What do you think of when you hear the phrase protective equipment? Many of you likely went right to clothing but protective equipment is anything used to protect the employee from injury. Clothing, hard hats, multi-meters, hand tools and insulating blankets are all equipment that provide protection for the employee. For each of these to achieve that goal they must be properly maintained. An employer is responsible for assuring that appropriate protective equipment is provided to the employee. It is relatively easy for the employer to purchase and verify that equipment is compliant and suitably rated. What happens after the equipment is issued for use is more difficult to track. However, all that equipment must be verified to provide the necessary protection whether the equipment was purchased yesterday or ten years ago.
An employer must have a well-documented policy for the handling of each piece of protective equipment. It is equally important to provide proper inspection training for employees using the equipment. How to inspect an arc-rated suit is entirely different from inspecting voltage rated gloves. Transportation, on-site conditions, and rugged use necessitate an inspection immediately prior to use. A general rule is that protective equipment be inspected before each use. Visual inspection often provides the first sign that protective equipment may not perform as necessary. If the equipment is defective or suspect in any way it must be brought back into compliance before use.

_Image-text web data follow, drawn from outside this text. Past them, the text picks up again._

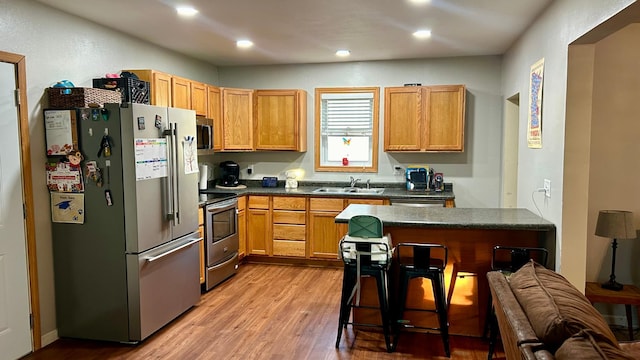 kitchen with sink, stainless steel appliances, light wood-type flooring, and a breakfast bar area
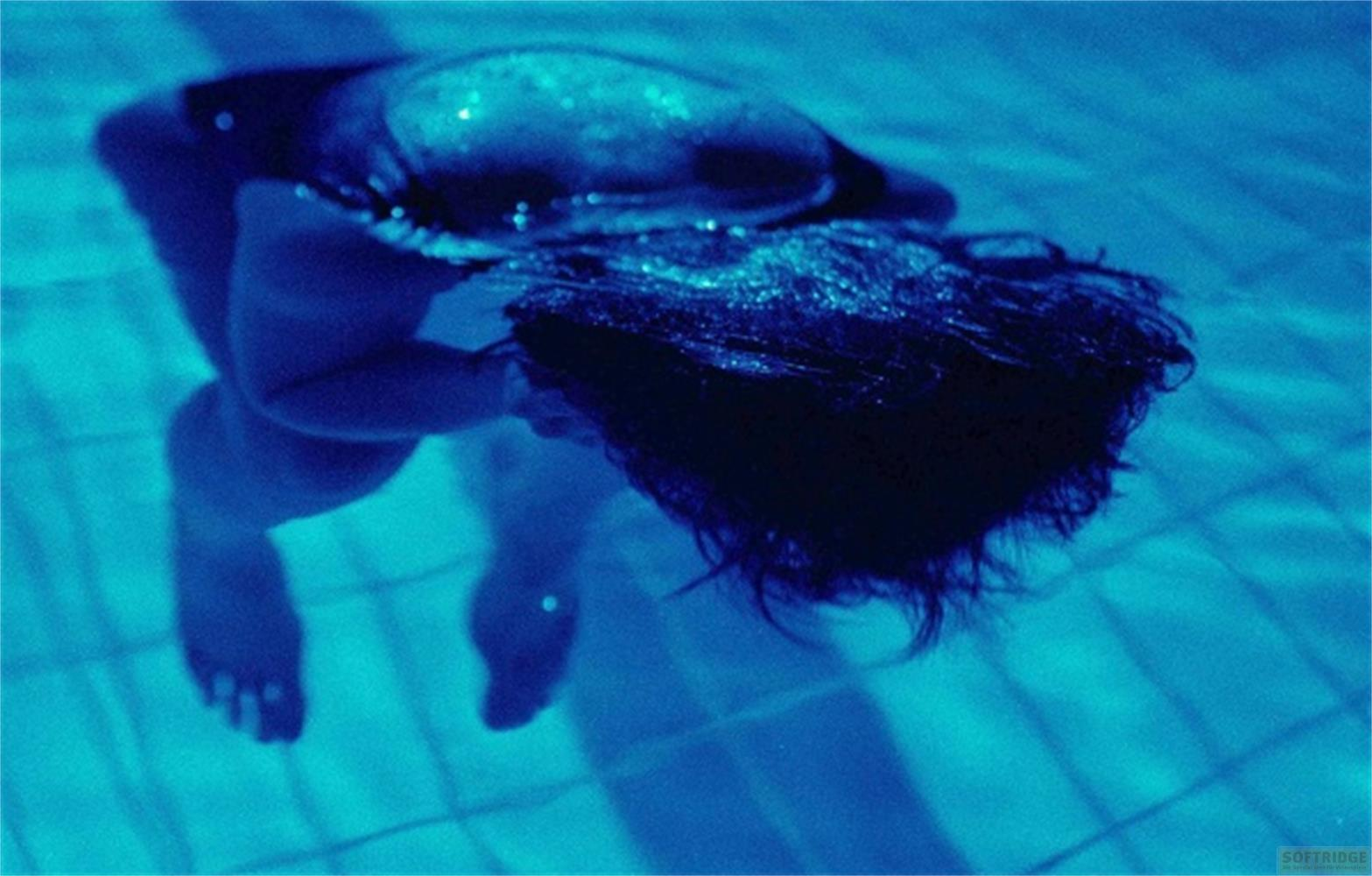 Persona sott'acqua, capelli coprono il viso, piedi visibili.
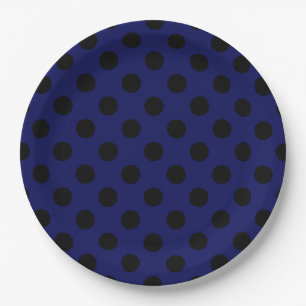 Black polka dots on navy blue paper plates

Equipment that is used infrequently must be maintained just as equipment that is used daily. Insulation properties can be effected by time, storage method or atmospheric conditions. Annual calibration of a multi-meter typically does not verify proper insulation. Some equipment may be kept in a common area for use by several employees, some may be issued to individual employees, some may be purchased by the employee, and some may be leased. All this equipment requires appropriate scheduling to be properly maintained in order to protect the employee. For the most part, proper maintenance is directed by the equipment manufacturer. Who performs the maintenance is often the choice of the purchaser. The selection is critical since an employee will be at risk of injury if the equipment is not properly maintained.

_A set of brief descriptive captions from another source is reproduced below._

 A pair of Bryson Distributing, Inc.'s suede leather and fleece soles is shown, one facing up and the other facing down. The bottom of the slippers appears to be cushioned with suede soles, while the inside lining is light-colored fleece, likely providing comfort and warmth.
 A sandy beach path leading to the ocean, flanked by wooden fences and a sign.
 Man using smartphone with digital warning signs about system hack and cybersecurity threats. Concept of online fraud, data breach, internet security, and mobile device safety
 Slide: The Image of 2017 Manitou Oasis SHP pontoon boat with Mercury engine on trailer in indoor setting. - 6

What about the protective clothing? More expensive gear like an arc-rated suit may be purchased and maintained by the employer. But every day arc-rated shirts and pants may be the employee’s responsibility to purchase as well as maintain. Rips and tears must be properly repaired. Contaminated gear may be prone to catastrophic failure. Laundering must be done in the correct cycle and temperature as well as with appropriate detergent. If anything is done incorrectly, the protection may not be there when needed. An employer is responsible for protecting an employee. This is true regardless of who is maintaining the protective gear. What is your company’s policy and procedure for the maintaining equipment used to protect you?